There is an ancient practice in the Unix world where each service gets its own “user.” The practice is so old that when it was a new idea, these “system users” got intermixed with the real human kind resulting in different system user IDs on each box, depending on the order the users were created. Because this then caused problems with NFS, OSes began reserving some number of the low-numbered IDs¹ for themselves, starting the real human users above that limit, with fixed assignments below it.

Podman obsoletes all of this.

Do not combine the two.

Why? Read on.

User Namespaces

“Linux container” is a wrapper term for a bunch of disconnected technologies which tools like Podman combine into a useful whole. While it aids initial understanding to think of this assortment of underlying features as if there had been a single concerted effort to add Containerization™ to the Linux kernel, the actual fact is that the pieces were each added separately over a span of many years, in some cases for purposes quite separate from what we now think of as the modern Linux containers infrastructure.
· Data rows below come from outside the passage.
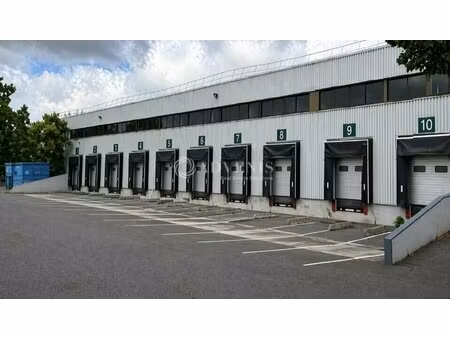 location entrepôt gonesse 95500 9490m²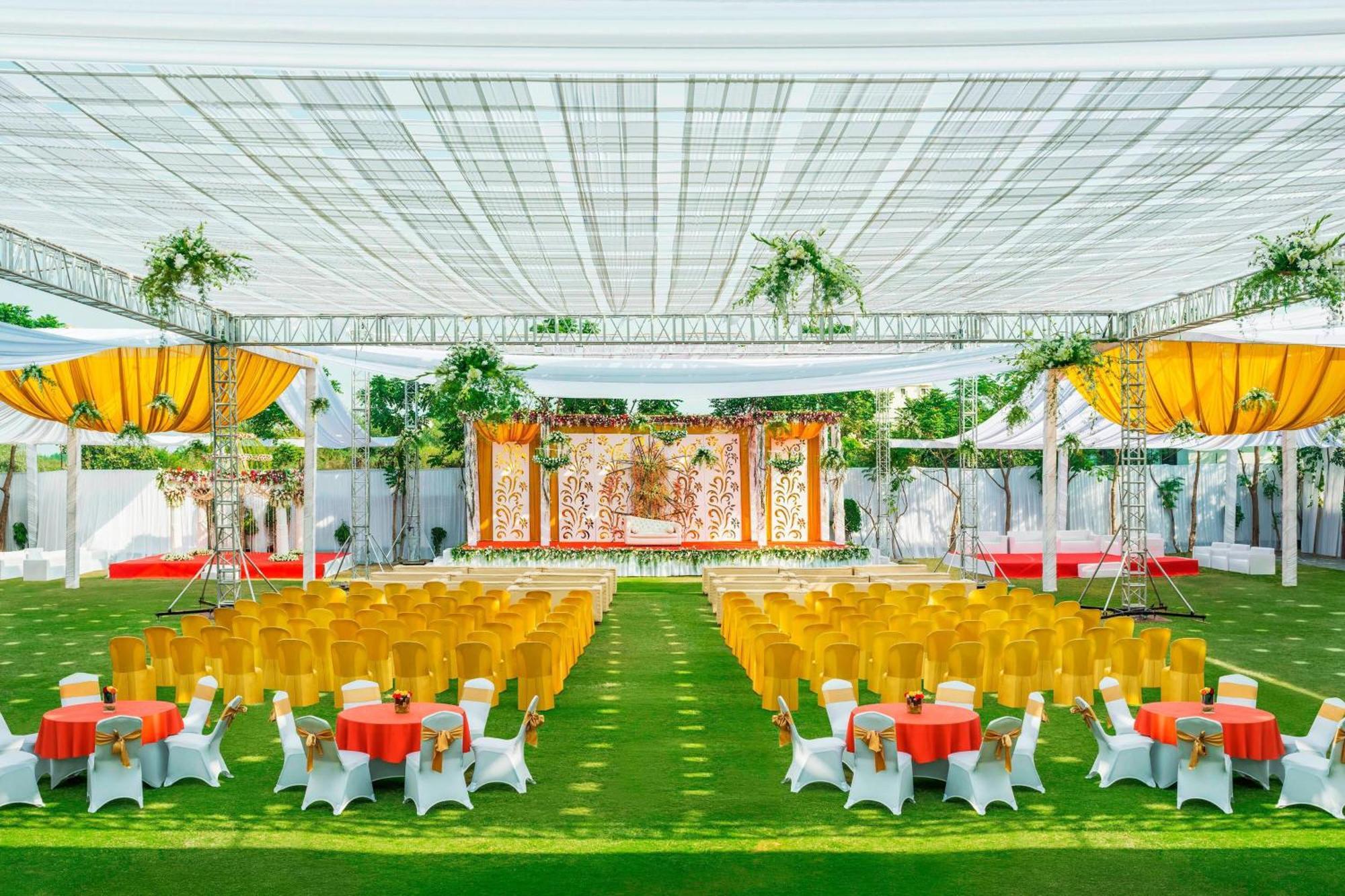 Le Meridien Nagpur Exterior photo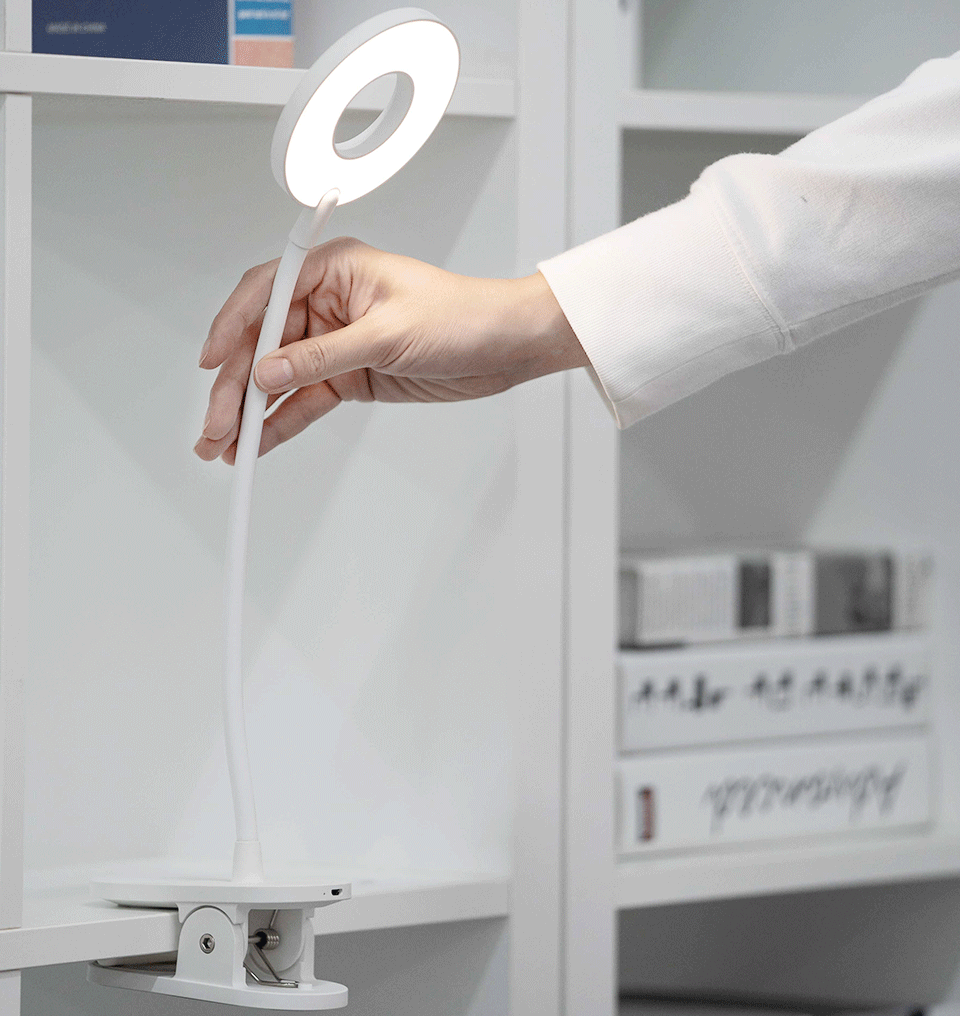 Настільна лампа Yeelight LED Charging Clamp Table Lamp White 5W інтенсивність світіння регулювання нахилу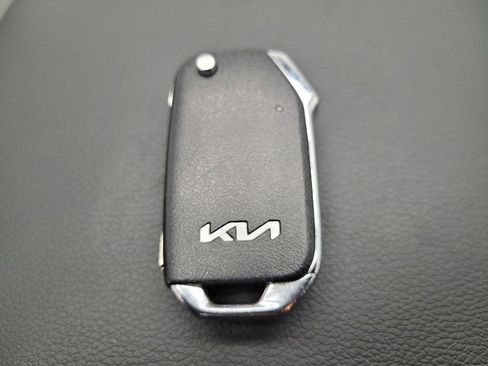 Used 2022 Kia Soul LX image 32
I bring this up because it can be important to understand the elements on their own merits. In this article’s specific case, Linux’s namespaces feature functionally obsoletes the old “system users” practice, specifically via user namespaces — userns for short — which isolate privilege based on user ID, same as occurs with single-purpose system users.

Default Behavior

Consider this:

$ id=$(podman run --rm -d alpine sleep 60)
$ podman top $id user huser
USER        HUSER
root        501

The first command merely starts a dummy container for us to examine, which will disappear a minute after we started it.

The second then tells Podman to report the user IDs involved, which shows this rootless container running under my host-side user ID even as it appears to be running as root inside.

Because this is a fake root user with less privilege than our host-side user, we’ve already gained most of the protection afforded by the ancient “system users” concept. The assortment of technologies brought to bear by Podman under the label “containerization” ensures that this sleep 60 container cannot…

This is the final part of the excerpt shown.